Juan José Prieto Lárez
Una calurosa
tarde de agosto supe la historia. Félix Brito, “El Cumanés”, me echó el cuento.
Todo sucedió en el reacomodo político en la Venezuela de los años
sesenta, cuando se pretendió petrificar todo aquello que oliera a Unión
Soviética. Algunos adoctrinados, con un maltrecho entrenamiento ideológico,
trasnocharon su desobediencia para enfrentarla a una realidad urgida por marcar
la diferencia entre una supuesta mejor vida, como pararrayos a la incipiente
revolución cubana como posible trasmisora de la fiebre del todos somos iguales.
Aquí en La Asunción , un
insignificante eslabón en el escenario proselitista nacional, se libraba una
gran batalla con sangre joven dispuesta a incendiar las intenciones derechistas
de esta entonces tierra de nadie. En el viejo Parque Luisa Cáceres de Arismendi
de la capital neoespartana, estaba la famosa lira, enfrente de la Catedral , donde los
valses y pasodobles de la Banda Gómez
deleitaban a parroquianos y visitantes.
Detrás de
este icono de la pulcra herencia cultural conseguida al paso de la historia por
los asuntinos, se construyó en tiempos de Pérez Jiménez, una fuentecilla
circular con un peculiar dispensador de agua; un angelito carajito, meón. Todo
de blanco, sin alas, pero un angelito era. Precisar a estas alturas quién o
quiénes iniciaron con el empeño de convertirlo en comodín publicitario de
toldas partidistas, no es el punto. Lo cierto es que de la noche a la mañana,
este angelito meón se convirtió en el alusivo propagandístico más visitado, al
menos en Margarita. Cada mañana el Parque Luisa Cáceres se atiborraba de
visitantes para ver de qué color había amanecido el querubín meón. Si más
blanco que su propia piel fueron los adecos, si de amarillo los urredistas, si
de rojo los comunistas, si de verde los copeyanos, y así sucesivamente. Pero
cuando no era rojo en algún lugar pintoresco de la ciudad amanecía una bandera
negra, como un día en el Castillo Santa Rosa. Una perfecta táctica de
persuasión a la impresión que pudiera causar el angelito de la plaza. Así que
eran varios los elementos utilizados por los últimos bolcheviques asuntinos.
Los ojos de
Cumanés brillaban cuando contaba de las odiseas para lograr llamar la atención
del electorado. Desde persecuciones hasta muchos días de arresto, pero todo por
la causa de los pueblos oprimidos del mundo en levantar su voz ante el opresor.
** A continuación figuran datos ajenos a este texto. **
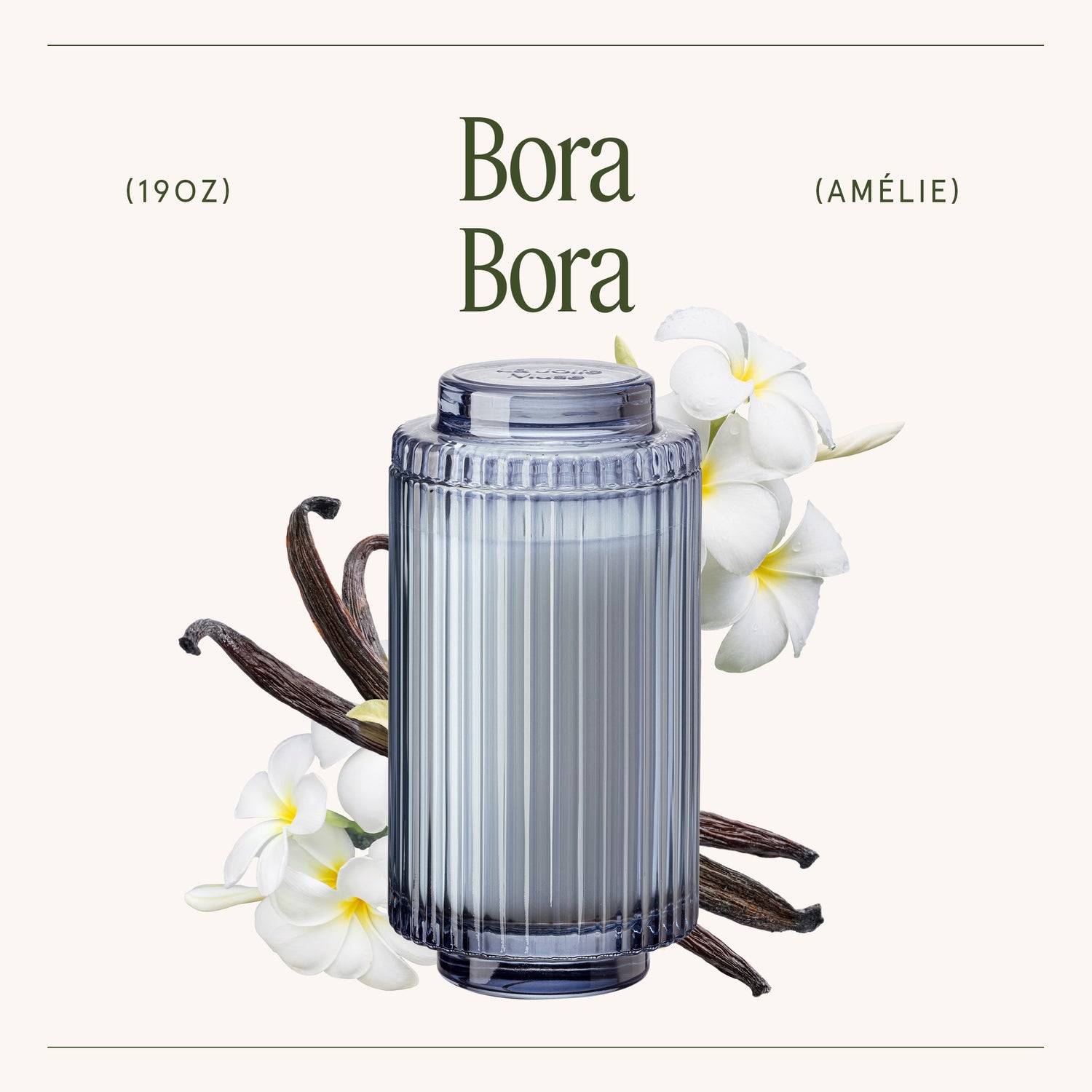 Amélie – Bora Bora Candle Amelie_BoraBora_PDP_19oz_3 LA JOLIE MUSE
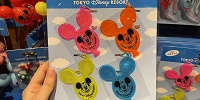 ミッキーバルーンキーチェーンセット| キャステル | CASTEL ディズニー情報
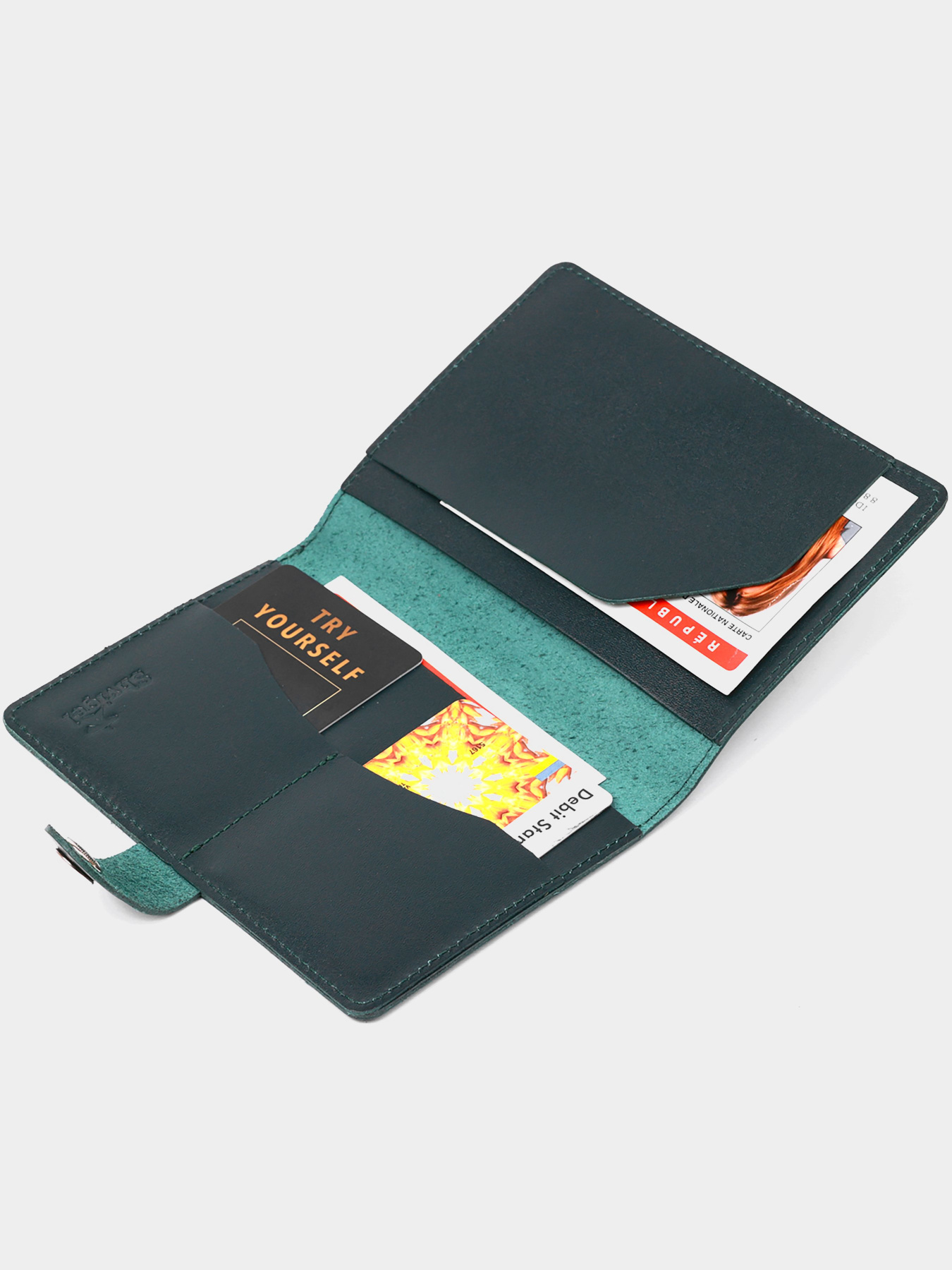 Обложка для документов Shvigel модель bag24_16527 Фото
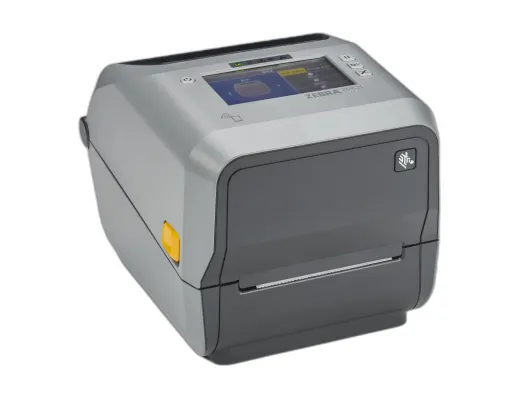 Thermal Transfer Printer (74/300M) ZD621; 300 dpi, USB, USB Host, Ethernet, Serial, BTLE5, Cutter, US Cord, Swiss Font, EZPL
En cualquier esquina podría aparecer una pinta protestataria, o algo así como:
¡el pueblo unido jamás será vencido! Pero nunca la cuenta de cuatro o cinco
revoltosos pudo aumentar, algunos todavía viven para contarnos sus vivencias
juveniles, otros han partido al mitin infinito del máximo líder universal.
Finalmente,
en conchupancia expresa entre los partidos conservadores decidieron impulsar
una suerte de puntofijismo local, y así aniquilar a los rojos bolcheviques y se
fueran con sus cuitas a otra parte. Ellos blandían la bandera rebelde por un
cambio que nunca llegaba. Pusieron a
prueba la vida y la muerte, con escaramuzas muy bien pensadas. Doblegaron el
pánico y la gloria los recompensaba, a medias. El último bolchevique pasó a
retiro cuando el silencio sopesó, la retirada o una vejez imposible. Ahora “El
Cumanés” puede contar su cuento sin temor a desertar de las filas rojas.